Es curioso hasta qué punto la bebida está presente en nuestra sociedad, aunque esto tiene, a su vez, otra razón de ser: el alcohol tiene un fuerte componente social y cultural.
Nuestra identidad se ha construido en los bares, con lo que es lógico que el imaginario colectivo español esté plagado de abrazafarolas. Ya sean Karra Errejalde, Miguel de Lira y Antonio Durán en la película homónima de la novela del escritor gallego, o el pícaro Lázaro de Tormes ingeniándoselas para robarle a su amo ciego unas gotas de vino, nada nos representa más que un borrachuzo.
Compartir una cerveza, un vino o un vermut ha contribuido más a la unidad nacional que el devenir de nuestra política parlamentaria. ¿Para qué necesitamos un parlamento cuando existen las asambleas de taberna?
A mí me gusta desayunar en La Bodega d'en Rafel, donde ilustres contertulios que podrían estar en Princeton o Yale, pero que han decidido sentar cátedra en un bar de Barcelona, imparten animados seminarios prácticos sobre diversos combinados espirituosos.
Podemos encontrarnos algunos propios de la ficción literaria española, como el rute, que se degustaba en la Taberna de Pica Lagartos de Luces de Bohemia ("es la bebida elegante", que decía Don Latino de Hispalis), o el ojén, que regaba las tertulias en el café La Delicia de La Colmena, de Camilo José Cela. Pero también con otros más propios de Cataluña, como la barrecha o la palomita:
"La barrecha, noi, se hace con cazalla y moscatel. La cazalla es como un anís, pero más rico, a mí me tiene mejor sabor. El moscatel seguro que sabes lo que es, ¿no? Y la palomita se obtiene mezclando aguardiente anisado con agua del grifo. Por eso tiene ese color blanco. Pero todo esto no es para ti, noi. Tú tienes que estudiar. Esto se lo toma el obrero para ir más alegre a trabajar. Vamos a ver, uno no mata, pero tú no lo hagas".
En relación con lo anterior, también está claro como el agua que el alcohol es un elemento cultural intergeneracional. Algunos dirán que el beber es un problema exclusivo de la juventud que se afana en juntarse en botellones con la única intención de pimplar. A esos les invito a pisar un bar de barrio a las ocho de la mañana para que vean a los más veteranos bebiéndose hasta el agua de los floreros.

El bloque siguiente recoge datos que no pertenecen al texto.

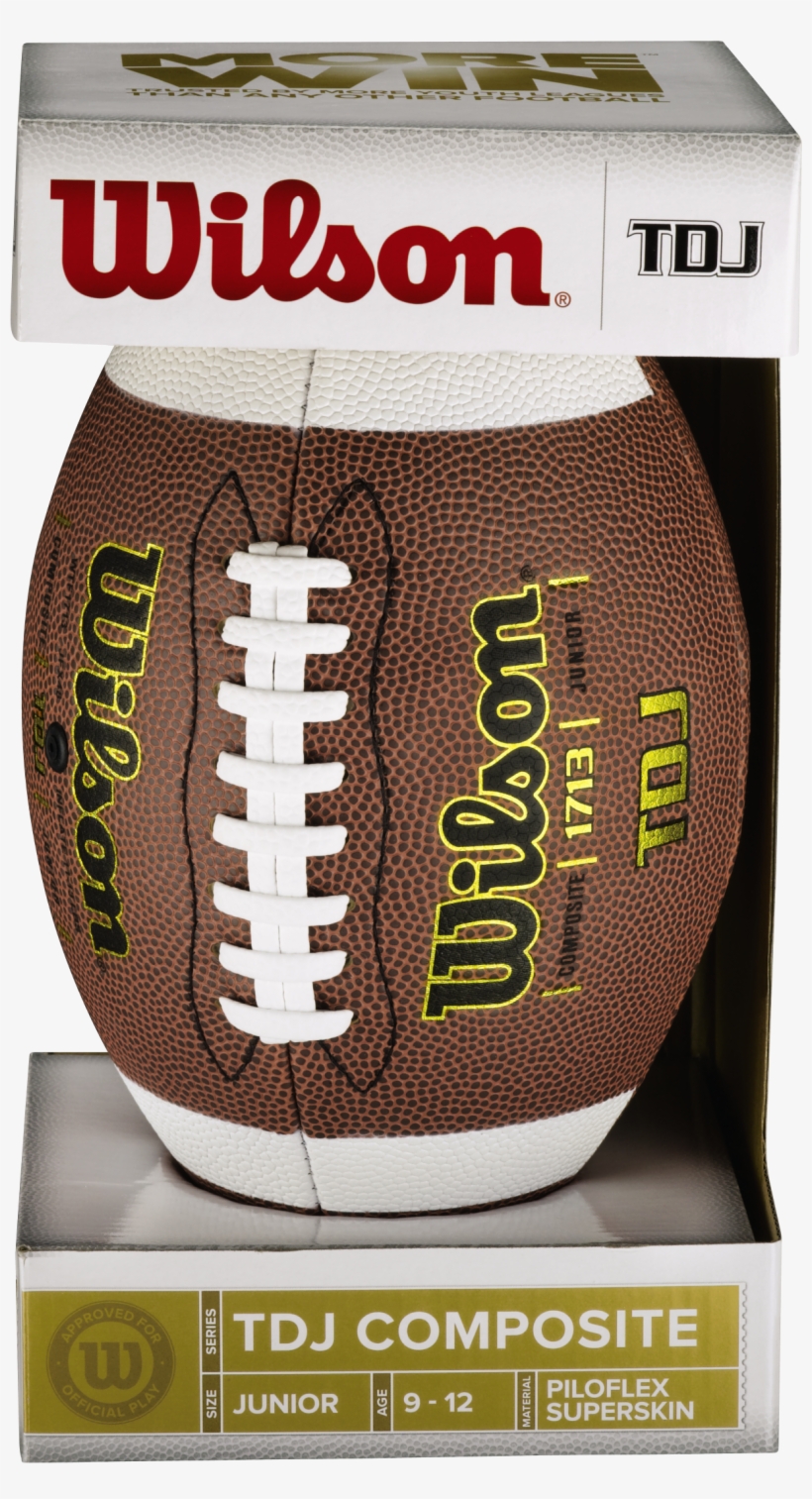 Wilson Nfl Junior Football With Pump And Tee, transparent png #8633783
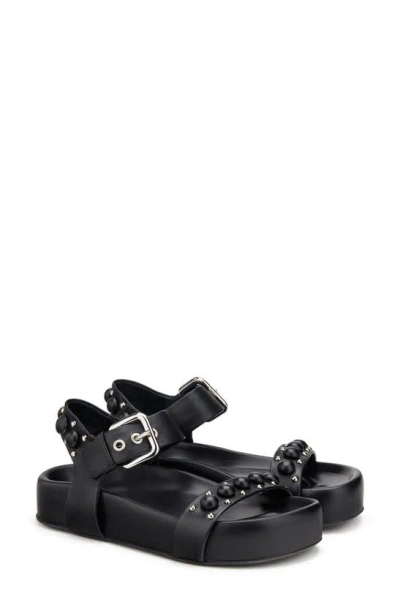 Agl Attilio Giusti Leombruni Jane Stud Platform Sandal In Nero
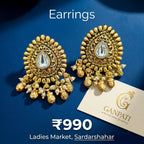Traditional Kundan Pearl Designer Earrings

Basta con echar una ojeada a los datos de la monografía sobre el alcohol para constatar el impacto de la bebida entre la gente mayor. En el intervalo de edad de 65 a 74 años, el consumo diario sube hasta el 21%. Así pues, en este caso, la brecha generacional afecta no al fondo, sino a la forma. Como en tantas otras cosas, los jóvenes son velocistas y los mayores, corredores de fondo.
Esto ha sido todo, aunque yo sigo recopilando información con tal ahínco que me duele el codo de tanto empinarlo, por bodegas, tascas y tabernas, plazas, esquinas y aceras, abrazando todas las farolas de nuestro país e invocando a Valle-Inclán o a quien quiera venir. Que, para echar un trago, tanto da uno que otra. Salud.
Miguel Peña Novo es periodista y el autor de la serie Arquetipos españoles, que explora en clave de humor los términos e ignominias que dan cuenta de nuestros usos y costumbres ancestrales.